TASK REQUIREMENTS
Only the lines from the beginning of the data below through the line containing "Otti Laguna Mark" belong in the response, each copied exactly.

Collected data:
*** Begin section ***
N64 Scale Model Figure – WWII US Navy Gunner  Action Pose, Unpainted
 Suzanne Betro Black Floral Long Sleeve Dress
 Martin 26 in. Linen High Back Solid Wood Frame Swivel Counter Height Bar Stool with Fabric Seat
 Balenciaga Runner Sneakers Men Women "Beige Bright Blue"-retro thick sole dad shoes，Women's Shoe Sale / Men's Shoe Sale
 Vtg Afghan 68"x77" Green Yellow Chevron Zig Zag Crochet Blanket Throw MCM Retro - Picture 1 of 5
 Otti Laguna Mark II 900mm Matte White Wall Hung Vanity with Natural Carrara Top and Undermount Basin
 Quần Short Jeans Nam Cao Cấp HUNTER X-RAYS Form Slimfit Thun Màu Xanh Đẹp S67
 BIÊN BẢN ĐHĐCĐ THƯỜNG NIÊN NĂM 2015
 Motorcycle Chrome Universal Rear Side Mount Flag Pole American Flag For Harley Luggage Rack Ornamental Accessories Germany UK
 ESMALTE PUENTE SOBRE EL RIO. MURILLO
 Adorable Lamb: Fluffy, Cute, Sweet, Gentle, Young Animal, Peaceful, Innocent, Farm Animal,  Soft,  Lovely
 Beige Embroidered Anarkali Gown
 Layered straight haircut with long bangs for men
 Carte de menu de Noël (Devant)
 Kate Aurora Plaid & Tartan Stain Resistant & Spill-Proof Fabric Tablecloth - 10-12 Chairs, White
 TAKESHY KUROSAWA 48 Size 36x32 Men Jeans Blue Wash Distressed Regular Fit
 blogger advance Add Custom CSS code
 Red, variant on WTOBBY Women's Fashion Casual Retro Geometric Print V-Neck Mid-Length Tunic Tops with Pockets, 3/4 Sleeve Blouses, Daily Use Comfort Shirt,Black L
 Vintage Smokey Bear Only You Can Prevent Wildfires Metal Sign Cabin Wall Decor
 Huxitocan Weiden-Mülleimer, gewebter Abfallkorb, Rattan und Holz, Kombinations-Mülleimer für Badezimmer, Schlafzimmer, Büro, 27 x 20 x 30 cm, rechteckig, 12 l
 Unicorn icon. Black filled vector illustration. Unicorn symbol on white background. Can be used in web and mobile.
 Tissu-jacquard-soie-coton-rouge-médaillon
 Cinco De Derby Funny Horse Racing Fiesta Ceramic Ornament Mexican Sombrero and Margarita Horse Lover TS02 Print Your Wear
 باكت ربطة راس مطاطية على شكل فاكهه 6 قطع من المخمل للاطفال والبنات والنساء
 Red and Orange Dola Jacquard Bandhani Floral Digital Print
*** End section ***
WRITTEN RESPONSE
N64 Scale Model Figure – WWII US Navy Gunner  Action Pose, Unpainted
 Suzanne Betro Black Floral Long Sleeve Dress
 Martin 26 in. Linen High Back Solid Wood Frame Swivel Counter Height Bar Stool with Fabric Seat
 Balenciaga Runner Sneakers Men Women "Beige Bright Blue"-retro thick sole dad shoes，Women's Shoe Sale / Men's Shoe Sale
 Vtg Afghan 68"x77" Green Yellow Chevron Zig Zag Crochet Blanket Throw MCM Retro - Picture 1 of 5
 Otti Laguna Mark II 900mm Matte White Wall Hung Vanity with Natural Carrara Top and Undermount Basin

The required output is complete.